Tue, 12 April 2022
Thoughts Inspired By The Book: "The Crucible Of War"
Immediately following the the French and Indian War in the U.S. a recession or even a depression began to sink in, in the colonies as the British military moved out of the colonies and focused their attention on matters in the Caribbean. This left commercial farmers, the very first to ever emerge in North America, dealing with how to pay back debt with low commodity prices. This caused smaller farmers to shift from growing extra and selling it at markets to return to a basic subsistence type of farming lifestyle. This also led to more bartering with supplemental agricultural products.
I found something interesting about the view of farmers when looking at the story of Thomas Rich. He was a merchant from Philadelphia. He had significant amounts of inventory that he had purchased with debt during the war because the British military was purchasing everything and the war was fueling all sorts of commerce. However, when the war ended and the economy slowed he was left with a lot of inventory that he could not sell and the debt that was going to be paid from the sale of those items.
He came up with a scheme to ship this merchandise to the French in their colony of Guiana, but this was illegal as he was a subject of the British Crown, and the British had just ended a war with the French and the terms of the end of the war prohibited him from trading with the French.
This plan did not work for Rich, and by 1770, when he finally paid all of his debts he was essentially bankrupt. I am listening to this book, so the tone of the author can be felt by the inflection of the reader and what he emphasizes. As the narrator finishes telling Thomas Rich’s story he say says, with some sort of disdain in his voice, that he “died raising sheep on a farm in New Jersey”. The inflection is obvious as though the fact that Thomas Rich ended his life as a farmer was a form of disgrace or shame.
I found myself chuckling as I listened to this. I did not find it disgraceful or shameful that he spent his final years in a beautiful place raising livestock. I thought to myself, “he finally got it right!”. I can’t help but wonder if after all the stress and high level dealings that Thomas Rich went through in the 1700’s if he found himself tending to sheep one day and asked himself, “why haven’t I been doing this all along”.

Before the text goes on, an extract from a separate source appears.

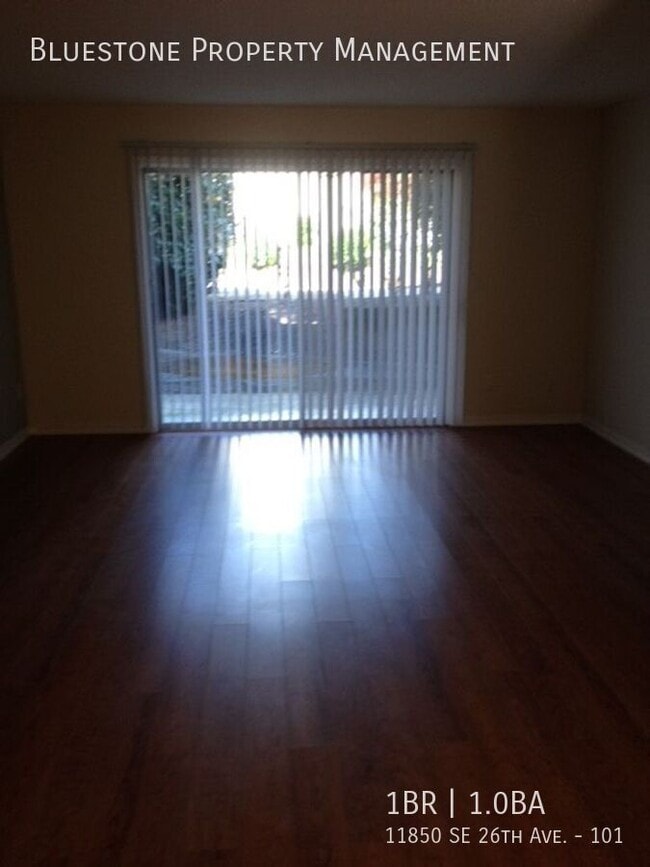 Photo - 11850 SE 26th Ave Unit 101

I do find it ironic that today, so many who live this high stress lifestyle in the cities are rejecting this life and opting for a simpler life in a rural environment raising livestock or growing food. It seems to me that there is a secret to living a good life that exists, and only farmers have really been able to figure it out. This has been going on since the 1700’s, and I wonder why it has taken almost 300 years for people to start realizing this.
There was another part of Thomas Rich’s story that I wanted to share with you. I found myself thinking of the quip, from the book of Ecclesiastes, that states “there is nothing new under the sun” is really true when I heard this part. Thomas Rich was a “go big or go home” type of guy. He took on a lot of debt. So much so, that he never found himself in a debtor’s prison. His debtors had lent him so much money that they dared not have him arrested or foreclosed on. Their only hope in recovering what they had lent to was keep him producing and earning so that he could repay, even if that were incremental and slow.

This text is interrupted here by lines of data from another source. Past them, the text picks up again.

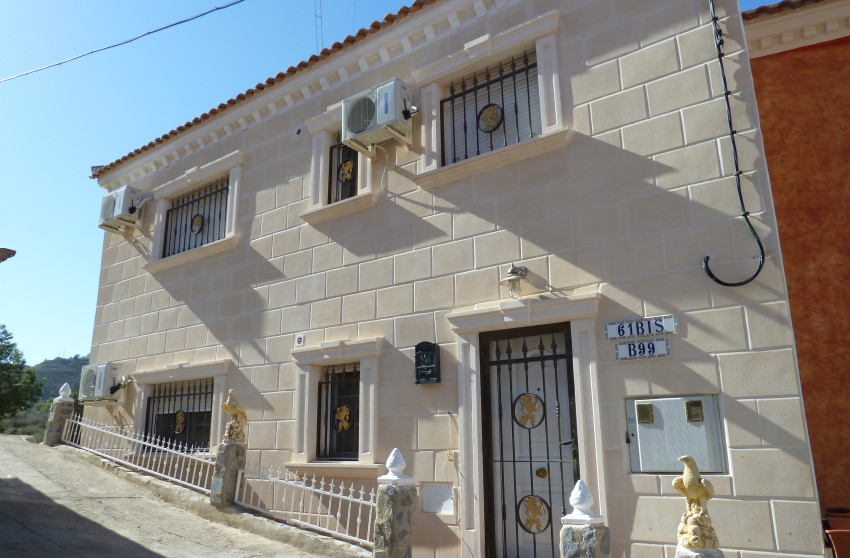 Herverkoop - Semi detached Villa - Rojales - Rojales - Village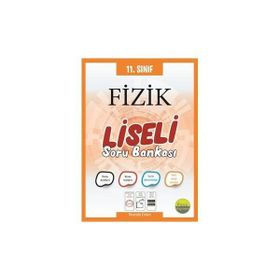 Pano Yayınları 11. Sınıf Fizik Soru Bankası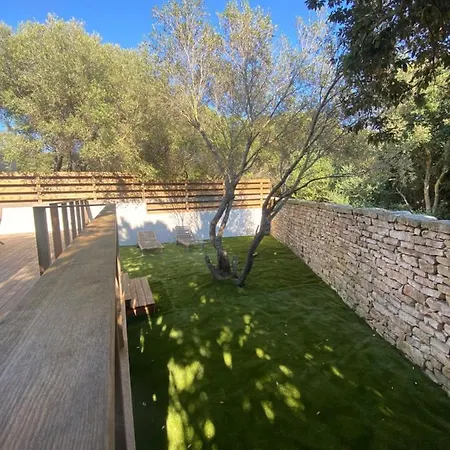 Mini-villa Jade * Bonifacio (Corsica)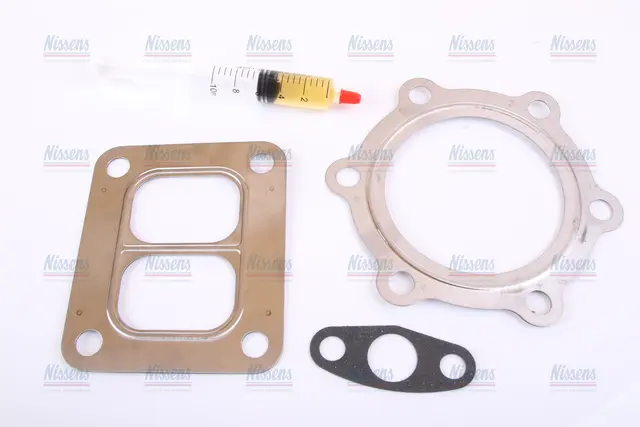Turbo MAN TGA-SERIES Nissens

So much has not changed. His philosophy was “If you owe your banker $1,000 and you have $500 to pay him, you have a problem. If you owe your banker a million and you don’t have a nickel, he’s got a partner”. I have heard many people talk about farmers, particularly dairy farmers, with admiration in their voice, who follow this principle. This philosophy is alive and well in agriculture today, and some of the largest, and perceived to be most successful farmers, that I have heard stories about are those that owe the bank or banks so much money, that the banks would never dare to foreclose - debtors prison is no longer a thing. If they foreclosed they would get pennies on the dollar for what they have lent. They have no choice but to continue to work with the farmer and ride the cycles of agriculture in the hopes of recovering the money they have lent.
It is very interesting how if you are careless with debt it can wreck you financially, but if you absolutely reckless and build an empire on debt everything changes and it can sustain you!